Se há princípio republicano no Brasil e de respeito ao Estado democrático de direito, não tem como essas duas representações não derivarem para ações, tanto da Comissão de Ética quanto do MP. Ele chegou a dizer que o personal trainer é uma pessoa em quem ele confia e, portanto, é de caráter pessoal, de uma relação privada; segundo, que ele seria importante para auditar os patrocínios. Ora, a Caixa tem um corpo técnico altamente qualificado, de pessoas concursadas, que têm todas as condições de fazer qualquer tipo de auditagem. Quem não tem condições é o personal trainer. Ele não tem formação adequada para fiscalizar e auditar patrocínios de uma empresa financeira.
Por falar em empresa pública, o jornal Valor divulgou estudo segundo o qual as principais estatais registraram crescimento de 132% em 2018. Agora, o governo deve dar grande ênfase à venda de ativos das empresas. Como interpreta a situação?
Existem várias formas de dilapidar patrimônio público. Uma é a privatização pura e simples. A outra é a privatização corroendo o vigor das empresas. Venda de ativos, privatizar coligadas, loterias, ou venda do pré-sal, como é feito pela Petrobras. Uma política de corroer a força das empresas públicas e entregá-las ao mercado. E tem a privatização da própria gestão.
No Conselho de Administração, o presidente do Banco do Brasil (Rubem Novaes) disse que a empresa estaria melhor se estivesse privatizada. E disse que vai mitigar o problema do prejuízo de o banco ser público ao colocar pessoas do mercado, da iniciativa privada. Vamos entrar também com representação contra isso. Ele esquece que a Caixa e o Banco do Brasil estão entre as empresas que mais lucram no Brasil, disputam mercado, têm atividade econômica e são autônomos, mostrando que a atuação comercial não é colidente com a função de crédito produtivo e social.
Nesse contexto, quais as perspectivas da frente parlamentar em defesa das empresas públicas?
Vai ser lançada dia 8 de maio a Frente Parlamentar em Defesa dos Bancos Públicos.
Como está a articulação para enfrentar a reforma da Previdência na Câmara?
Vamos utilizar todos os instrumentos possíveis regimentalmente para tentar barrar.
Politicamente, é possível barrar a reforma?

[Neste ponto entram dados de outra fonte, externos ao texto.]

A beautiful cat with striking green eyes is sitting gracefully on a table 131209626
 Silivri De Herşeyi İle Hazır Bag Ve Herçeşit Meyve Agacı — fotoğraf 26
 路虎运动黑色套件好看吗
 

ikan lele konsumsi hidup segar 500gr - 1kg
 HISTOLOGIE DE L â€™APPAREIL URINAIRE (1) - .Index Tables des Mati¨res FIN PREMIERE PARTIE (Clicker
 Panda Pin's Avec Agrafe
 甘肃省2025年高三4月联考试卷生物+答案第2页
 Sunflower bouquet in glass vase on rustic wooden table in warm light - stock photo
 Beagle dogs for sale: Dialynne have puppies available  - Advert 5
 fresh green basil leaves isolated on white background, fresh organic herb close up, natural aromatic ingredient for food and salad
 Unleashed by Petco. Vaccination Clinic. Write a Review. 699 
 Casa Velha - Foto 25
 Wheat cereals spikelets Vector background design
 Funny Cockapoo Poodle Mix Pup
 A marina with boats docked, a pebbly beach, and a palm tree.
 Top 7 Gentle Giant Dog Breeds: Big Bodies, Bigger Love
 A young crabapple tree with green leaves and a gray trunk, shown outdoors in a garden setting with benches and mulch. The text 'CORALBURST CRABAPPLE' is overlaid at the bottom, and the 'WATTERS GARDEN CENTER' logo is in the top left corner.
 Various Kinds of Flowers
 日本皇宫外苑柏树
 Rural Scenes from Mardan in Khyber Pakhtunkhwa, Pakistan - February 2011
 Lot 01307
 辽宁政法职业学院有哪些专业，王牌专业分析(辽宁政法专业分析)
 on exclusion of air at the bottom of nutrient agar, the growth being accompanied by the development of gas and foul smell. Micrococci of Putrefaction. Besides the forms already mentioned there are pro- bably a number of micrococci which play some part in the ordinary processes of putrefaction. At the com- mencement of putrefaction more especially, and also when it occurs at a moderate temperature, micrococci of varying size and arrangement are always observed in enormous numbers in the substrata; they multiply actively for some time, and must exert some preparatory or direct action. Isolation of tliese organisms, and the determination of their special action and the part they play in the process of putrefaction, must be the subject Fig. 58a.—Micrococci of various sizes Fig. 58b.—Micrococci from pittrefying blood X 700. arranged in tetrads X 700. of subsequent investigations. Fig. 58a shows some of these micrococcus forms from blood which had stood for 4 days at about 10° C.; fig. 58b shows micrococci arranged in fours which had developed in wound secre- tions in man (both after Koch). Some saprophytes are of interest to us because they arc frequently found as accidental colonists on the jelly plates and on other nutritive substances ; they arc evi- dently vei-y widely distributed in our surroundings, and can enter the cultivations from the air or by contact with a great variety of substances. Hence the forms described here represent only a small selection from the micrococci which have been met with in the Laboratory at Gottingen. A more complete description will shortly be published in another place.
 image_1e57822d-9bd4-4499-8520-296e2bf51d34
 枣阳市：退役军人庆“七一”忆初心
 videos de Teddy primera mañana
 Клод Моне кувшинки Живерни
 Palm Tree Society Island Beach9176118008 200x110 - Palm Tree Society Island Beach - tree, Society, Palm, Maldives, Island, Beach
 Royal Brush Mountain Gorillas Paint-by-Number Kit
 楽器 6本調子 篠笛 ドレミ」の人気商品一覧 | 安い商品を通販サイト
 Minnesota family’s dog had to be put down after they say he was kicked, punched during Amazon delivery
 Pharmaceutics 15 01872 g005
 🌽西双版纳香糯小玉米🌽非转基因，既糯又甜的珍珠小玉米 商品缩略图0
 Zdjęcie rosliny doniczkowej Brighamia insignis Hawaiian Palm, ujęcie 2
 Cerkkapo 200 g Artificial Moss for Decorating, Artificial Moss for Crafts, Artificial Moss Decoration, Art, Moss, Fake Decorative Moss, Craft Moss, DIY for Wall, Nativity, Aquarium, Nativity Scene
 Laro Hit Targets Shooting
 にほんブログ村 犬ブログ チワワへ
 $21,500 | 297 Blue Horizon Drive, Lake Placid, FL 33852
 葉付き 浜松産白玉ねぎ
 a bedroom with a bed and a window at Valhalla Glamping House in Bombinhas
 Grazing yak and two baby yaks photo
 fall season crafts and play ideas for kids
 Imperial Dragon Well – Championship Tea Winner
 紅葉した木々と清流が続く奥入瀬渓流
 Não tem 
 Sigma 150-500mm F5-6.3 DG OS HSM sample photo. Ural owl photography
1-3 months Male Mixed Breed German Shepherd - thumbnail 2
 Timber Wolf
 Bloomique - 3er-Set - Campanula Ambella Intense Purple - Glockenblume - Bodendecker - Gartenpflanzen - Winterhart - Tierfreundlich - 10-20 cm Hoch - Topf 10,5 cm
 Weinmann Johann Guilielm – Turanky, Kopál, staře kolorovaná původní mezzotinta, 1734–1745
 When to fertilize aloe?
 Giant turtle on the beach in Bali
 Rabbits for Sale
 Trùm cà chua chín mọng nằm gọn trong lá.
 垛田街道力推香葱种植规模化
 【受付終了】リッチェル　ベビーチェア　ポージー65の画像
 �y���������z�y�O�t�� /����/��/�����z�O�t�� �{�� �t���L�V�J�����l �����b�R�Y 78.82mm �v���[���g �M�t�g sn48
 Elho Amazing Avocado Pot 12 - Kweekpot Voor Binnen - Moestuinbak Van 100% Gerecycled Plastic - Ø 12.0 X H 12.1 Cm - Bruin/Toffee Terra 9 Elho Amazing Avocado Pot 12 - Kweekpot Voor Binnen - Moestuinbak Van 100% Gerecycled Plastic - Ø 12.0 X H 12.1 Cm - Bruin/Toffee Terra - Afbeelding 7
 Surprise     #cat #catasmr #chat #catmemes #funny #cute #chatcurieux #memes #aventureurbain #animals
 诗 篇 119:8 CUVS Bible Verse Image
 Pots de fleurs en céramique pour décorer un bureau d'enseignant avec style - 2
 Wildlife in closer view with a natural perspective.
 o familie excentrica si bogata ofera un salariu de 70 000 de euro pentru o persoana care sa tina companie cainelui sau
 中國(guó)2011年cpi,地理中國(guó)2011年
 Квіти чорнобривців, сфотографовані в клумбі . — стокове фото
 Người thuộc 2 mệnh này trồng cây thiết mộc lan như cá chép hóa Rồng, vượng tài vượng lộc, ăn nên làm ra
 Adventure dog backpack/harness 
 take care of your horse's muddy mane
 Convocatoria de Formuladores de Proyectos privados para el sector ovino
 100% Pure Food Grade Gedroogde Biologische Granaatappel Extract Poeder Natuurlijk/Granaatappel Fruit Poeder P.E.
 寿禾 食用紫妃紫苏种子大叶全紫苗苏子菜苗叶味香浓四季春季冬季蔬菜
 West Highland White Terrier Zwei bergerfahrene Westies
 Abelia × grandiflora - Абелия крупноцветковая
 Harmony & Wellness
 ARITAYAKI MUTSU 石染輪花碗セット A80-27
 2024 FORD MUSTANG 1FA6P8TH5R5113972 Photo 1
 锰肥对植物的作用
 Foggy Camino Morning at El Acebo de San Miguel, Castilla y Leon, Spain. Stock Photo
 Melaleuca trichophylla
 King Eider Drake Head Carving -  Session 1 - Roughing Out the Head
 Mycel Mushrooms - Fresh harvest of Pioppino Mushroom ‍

Já está constatado que a reforma não vai sair como entrou. Vai-se isentar o trabalhador rural, o BPC, então a reforma já não vai sair do mesmo tamanho. Mas trabalhamos para que não tenhamos a aprovação da reforma, até porque é preciso fazer outras discussões. Sobre sonegação, acerca da taxação das grandes fortunas, de lucros e dividendos. Não se pode tratar a lógica púbica com a lógica pura e simples do déficit. A política pública tem que ter a participação do Estado como prevê a própria Constituição para a Seguridade Social. A política protege 82% dos idosos, através da aposentadoria ou do BPC.
Se esse raciocínio da reforma se estende para a saúde, vão ser fechados serviços; se se estende para a educação, vão ser fechados serviços, o que o governo já anuncia, dizendo que nas faculdades e universidades só devem entrar quem tem dinheiro para pagar. É uma política de desconstrução dos pactos de proteção social. E a reforma da Previdência vem para consolidar um modelo de primazia do capital improdutivo, do rentismo, na economia nacional. Essas discussões precisam ser postas. A prioridade não é reduzir o acesso da população às políticas públicas. O sistema de capitalização está sendo revisto em 15 países e o Brasil quer impor esse regime que já mostrou seu próprio fracasso.
A oposição depende do Centrão para barrar a reforma na Câmara?
A esquerda vai trabalhar para que não tenhamos a reforma. Nós trabalhamos com as contradições da base governista, porque é importante construir maioria para derrotar a proposta. No governo Temer, a reforma estava pronta para ir ao plenário e não foi. O que é mais fundamental é a compreensão da população do dano que essa reforma vai provocar a ela mesma, que tenha consciência das ameaças que essa reforma representa e possa fazer uma pressão de fora para dentro, que foi o que aconteceu no governo Temer. Trabalhamos de forma concreta para disputar a narrativa, porque a narrativa do governo não se sustenta. Não é reforma contra privilégios e não assegura futuro a quem quer que seja.